Türkiye artık kendi kaderini tayin ediyor | Star
Avrupa'nın en saygın üniversitelerinden London School of Economics'de İstanbul Kültür Üniversitesi / Küresel Siyasal Eğilimler Merkezi (GPoT) işbirliğiyle düzenlenen konferansta "Türkiye'nin Dış Politikasındaki Dönüşüm" tartışıldı.

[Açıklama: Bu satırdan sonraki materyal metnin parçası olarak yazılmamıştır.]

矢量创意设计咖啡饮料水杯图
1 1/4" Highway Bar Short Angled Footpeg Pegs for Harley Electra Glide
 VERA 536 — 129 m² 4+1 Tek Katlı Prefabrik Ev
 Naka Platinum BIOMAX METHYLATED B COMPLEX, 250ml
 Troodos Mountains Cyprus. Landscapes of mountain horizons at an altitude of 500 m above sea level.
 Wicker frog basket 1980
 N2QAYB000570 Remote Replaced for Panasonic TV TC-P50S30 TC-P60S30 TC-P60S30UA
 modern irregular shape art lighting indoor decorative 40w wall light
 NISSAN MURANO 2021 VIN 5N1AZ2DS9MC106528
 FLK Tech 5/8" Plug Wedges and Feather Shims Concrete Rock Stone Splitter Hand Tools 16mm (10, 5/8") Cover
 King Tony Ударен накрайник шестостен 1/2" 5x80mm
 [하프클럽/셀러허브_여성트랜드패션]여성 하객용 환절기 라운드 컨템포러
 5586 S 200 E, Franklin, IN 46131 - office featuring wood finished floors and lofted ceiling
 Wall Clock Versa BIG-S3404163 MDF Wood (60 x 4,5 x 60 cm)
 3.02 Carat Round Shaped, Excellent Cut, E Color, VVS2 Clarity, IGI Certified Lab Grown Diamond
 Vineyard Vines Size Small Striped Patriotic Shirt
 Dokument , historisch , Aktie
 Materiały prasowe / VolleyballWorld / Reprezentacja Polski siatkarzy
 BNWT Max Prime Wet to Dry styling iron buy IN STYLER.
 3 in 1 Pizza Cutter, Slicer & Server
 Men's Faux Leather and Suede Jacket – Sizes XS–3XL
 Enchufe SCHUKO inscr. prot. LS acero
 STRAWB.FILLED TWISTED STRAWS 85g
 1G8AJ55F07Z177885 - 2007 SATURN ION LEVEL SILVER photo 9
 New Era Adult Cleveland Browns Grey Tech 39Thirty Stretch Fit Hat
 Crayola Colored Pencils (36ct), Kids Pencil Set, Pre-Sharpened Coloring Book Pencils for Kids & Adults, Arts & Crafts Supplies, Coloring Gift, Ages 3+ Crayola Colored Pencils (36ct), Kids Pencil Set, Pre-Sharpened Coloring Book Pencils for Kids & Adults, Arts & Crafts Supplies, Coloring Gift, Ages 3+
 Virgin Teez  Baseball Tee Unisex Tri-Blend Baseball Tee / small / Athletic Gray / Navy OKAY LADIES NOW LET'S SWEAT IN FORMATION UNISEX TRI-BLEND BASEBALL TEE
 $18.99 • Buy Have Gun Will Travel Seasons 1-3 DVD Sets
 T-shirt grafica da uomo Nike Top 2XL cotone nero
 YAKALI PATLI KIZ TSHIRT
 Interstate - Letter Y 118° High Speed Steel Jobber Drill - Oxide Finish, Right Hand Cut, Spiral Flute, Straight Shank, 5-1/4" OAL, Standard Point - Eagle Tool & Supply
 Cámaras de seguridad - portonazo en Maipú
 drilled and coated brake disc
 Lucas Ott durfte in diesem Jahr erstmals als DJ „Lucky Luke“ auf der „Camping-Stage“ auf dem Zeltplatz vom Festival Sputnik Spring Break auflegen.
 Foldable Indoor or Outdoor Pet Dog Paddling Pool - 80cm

GPoT Direktörü Mensur Akgün'ün açış konuşmasından sonra söz alan katılımcılar Türkiye'nin bölgede üstlendiği yeni rolüngerçekçiliğini sorguladı. Katılımcılar, Türkiye'nin kapasitesinin bölge lideri olmaya yeterli olduğunu, ancak istikrarsızlıkla anılan bu bölgede dikkatli olmak gerektiğini vurguladı.
AB’DEN VAZGEÇİLMEMELİ
Katılımcılar, Türkiye’nin bölgede bir “rol modeli” olabilmesi için yüzünü AB’den çevirmemesi şart olduğu noktasında birleşti. Boğaziçi Üniversitesi'nden Kemal Kirişçi Arapların Türkiye'yi Avrupa'ya olan yakınlığı ve seküler-demokratik karakteri nedeniyle çekici bulduğunu kaydetti. Koç Üniversitesi'nden Fuat Keyman yeni dış politikaya dönük eleştirilerin ciddiye alınmasını istedi. Teyman, eleştirileri üç gruba ayırdı ve "AK Parti'nin Türkiye'nin yeni proaktif duruşunu İslami nüfuzunu artırmak için kullandığına inanan sert şüpheciler, yeni Osmanlıcılık olarak tanımlanan kültürel bir nüfuzdan söz eden yumuşak şüpheciler ve bu dış politika atılımının ne kadar gerçekçi olduğunu sorgulayan üçüncü bir grup da değerlendirmeye alınmalı” dedi.